**Task details**
Everything in the listing below should be repeated exactly, apart from the pictures.

*** Begin section ***

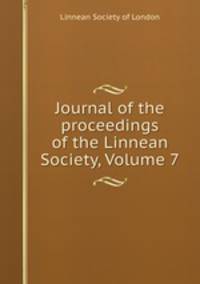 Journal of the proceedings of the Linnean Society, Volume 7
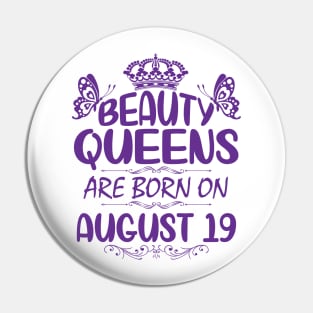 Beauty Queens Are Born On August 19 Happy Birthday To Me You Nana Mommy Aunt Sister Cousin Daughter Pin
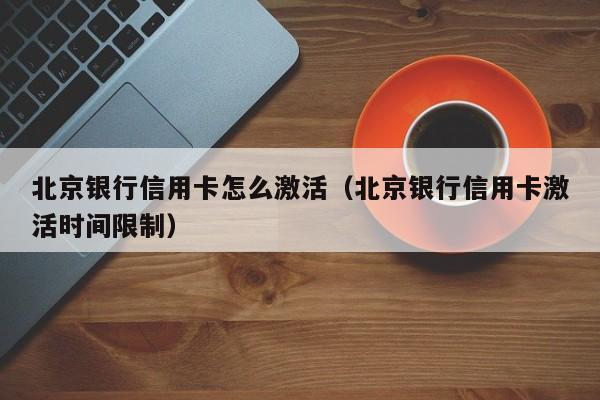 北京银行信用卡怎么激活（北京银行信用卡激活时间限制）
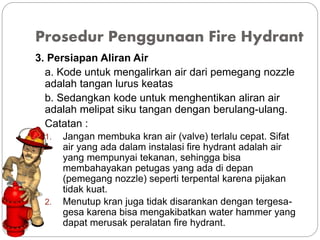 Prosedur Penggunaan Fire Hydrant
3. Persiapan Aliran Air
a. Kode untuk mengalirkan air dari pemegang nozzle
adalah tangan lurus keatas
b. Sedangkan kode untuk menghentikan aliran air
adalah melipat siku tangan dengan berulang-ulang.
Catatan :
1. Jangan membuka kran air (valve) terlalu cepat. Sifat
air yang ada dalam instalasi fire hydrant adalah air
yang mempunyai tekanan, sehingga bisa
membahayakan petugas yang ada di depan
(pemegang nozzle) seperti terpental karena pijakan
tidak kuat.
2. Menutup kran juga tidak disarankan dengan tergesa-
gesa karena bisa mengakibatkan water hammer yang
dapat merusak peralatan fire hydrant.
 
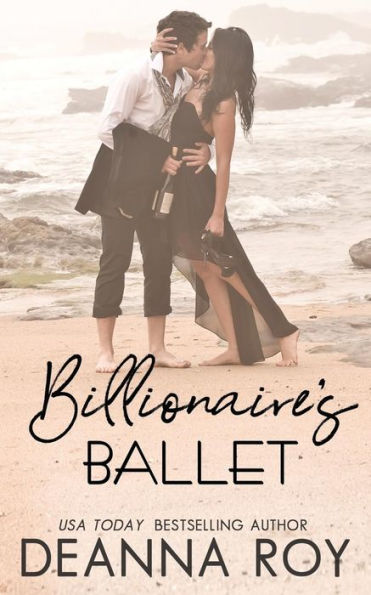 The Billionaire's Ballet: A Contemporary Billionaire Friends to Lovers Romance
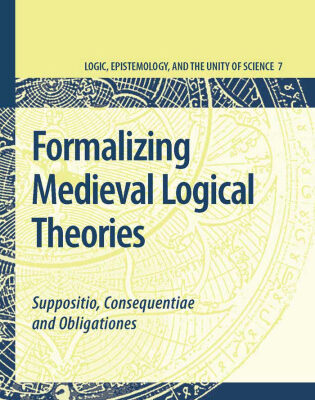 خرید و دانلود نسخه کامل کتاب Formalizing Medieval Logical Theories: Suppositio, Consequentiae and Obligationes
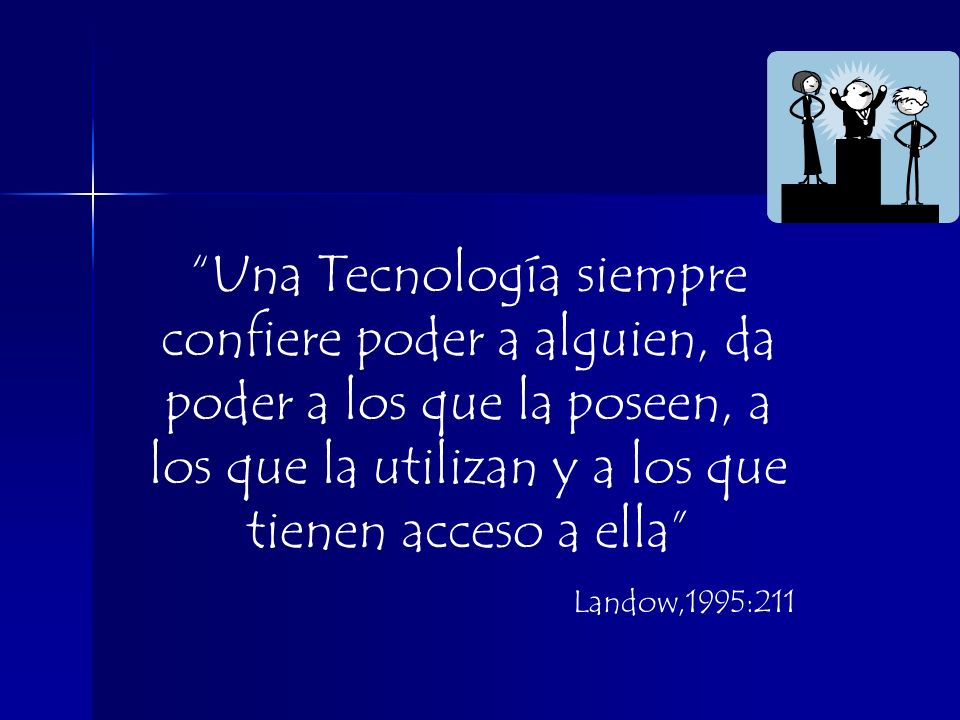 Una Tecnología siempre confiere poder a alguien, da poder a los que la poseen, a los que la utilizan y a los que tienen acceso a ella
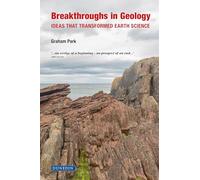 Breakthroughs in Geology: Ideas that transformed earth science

*** End section ***

**Your response**
 Journal of the proceedings of the Linnean Society, Volume 7
 Beauty Queens Are Born On August 19 Happy Birthday To Me You Nana Mommy Aunt Sister Cousin Daughter Pin
 北京银行信用卡怎么激活（北京银行信用卡激活时间限制）
 Prosedur Penggunaan Fire Hydrant
3. Persiapan Aliran Air
a. Kode untuk mengalirkan air dari pemegang nozzle
adalah tangan lurus keatas
b. Sedangkan kode untuk menghentikan aliran air
adalah melipat siku tangan dengan berulang-ulang.
Catatan :
1. Jangan membuka kran air (valve) terlalu cepat. Sifat
air yang ada dalam instalasi fire hydrant adalah air
yang mempunyai tekanan, sehingga bisa
membahayakan petugas yang ada di depan
(pemegang nozzle) seperti terpental karena pijakan
tidak kuat.
2. Menutup kran juga tidak disarankan dengan tergesa-
gesa karena bisa mengakibatkan water hammer yang
dapat merusak peralatan fire hydrant.
 
 The Billionaire's Ballet: A Contemporary Billionaire Friends to Lovers Romance
 خرید و دانلود نسخه کامل کتاب Formalizing Medieval Logical Theories: Suppositio, Consequentiae and Obligationes
 Una Tecnología siempre confiere poder a alguien, da poder a los que la poseen, a los que la utilizan y a los que tienen acceso a ella
 Breakthroughs in Geology: Ideas that transformed earth science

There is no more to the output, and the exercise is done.